Porém, o seu maior inimigo era o familiar da inquisição Francisco Gouveia Pinto, que, em tempos, servindo no cargo de alcaide, lhe tomou um macho para, em jeito de requisição, para ir a Lisboa, muito embora António Pereira argumentasse que os cristãos-novos de Moncorvo tinham uma sentença do desembargo do Paço impedindo que lhe tomassem as bestas, recorrendo de tal prepotência para a Relação do Porto. E acrescentou a contradita seguinte sobre o mesmo familiar do santo ofício, a quem puseram a alcunha de “perna calaceira”:

— É homem de má consciência e se diz publicamente que andou publicamente induzindo testemunhas para jurarem contra ele, para efeito de lhe tomar culpa e o fazer prender; e que o mesmo é homem pobre, sem fazenda nem ofício e se sustenta do alheio, que pede e alcança por indústrias de que usa.

Impossível analisar o processo de António Pereira no curto espaço de um artigo de jornal. Diremos que ele foi preso em 21.11.1647 e saiu queimado na fogueira do auto-da-fé celebrado em 14.4.1652.

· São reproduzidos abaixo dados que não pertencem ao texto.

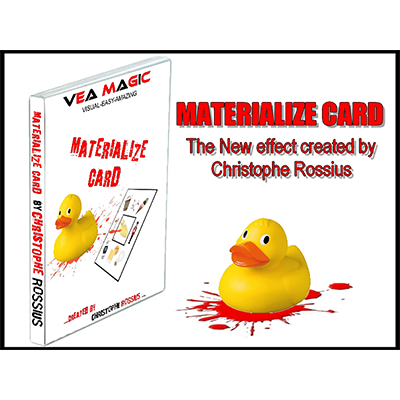 MATERIALIZE CARD Materialize Card by Christophe Rossius - Trick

Nessa altura já a Rua dos Sapateiros estaria completamente despovoada da “gente da nação” a crer na informação que em 21 de fevereiro desse ano mandava para a inquisição de Coimbra o comissário Pedro Saraiva de Vasconcelos:

— Os cristãos-novos desta vila se fugiram todos para Castela e só ficaram 3 casas que também farão o mesmo, porém dizem que alguns estão escondidos em Vila Flor, que é a sua cidade de refúgio, com intenção de passarem a Castela.

Notas:

1 - Inq. Coimbra, pº 8786, de António Pereira.

2 - Quando o prenderam, tinha ele em uma tulha na aldeia de Tinhela 300 alqueires de centeio, de rendas recebidas, e deviam-lhe mais de 1096 alqueires assim distribuídos pelas terras de Monforte Rio Livre: na Aguieira, 180 alqueires; em Tinhela, 126; Oucidres, 130; Bobadela, 80; Vilar Seco, 44; Bouçoães, 116; Vilartão, 80; Tronco, 160; Águas Frias, 80; “no lugar de Monforte ainda lhe devem o que se costuma pagar”.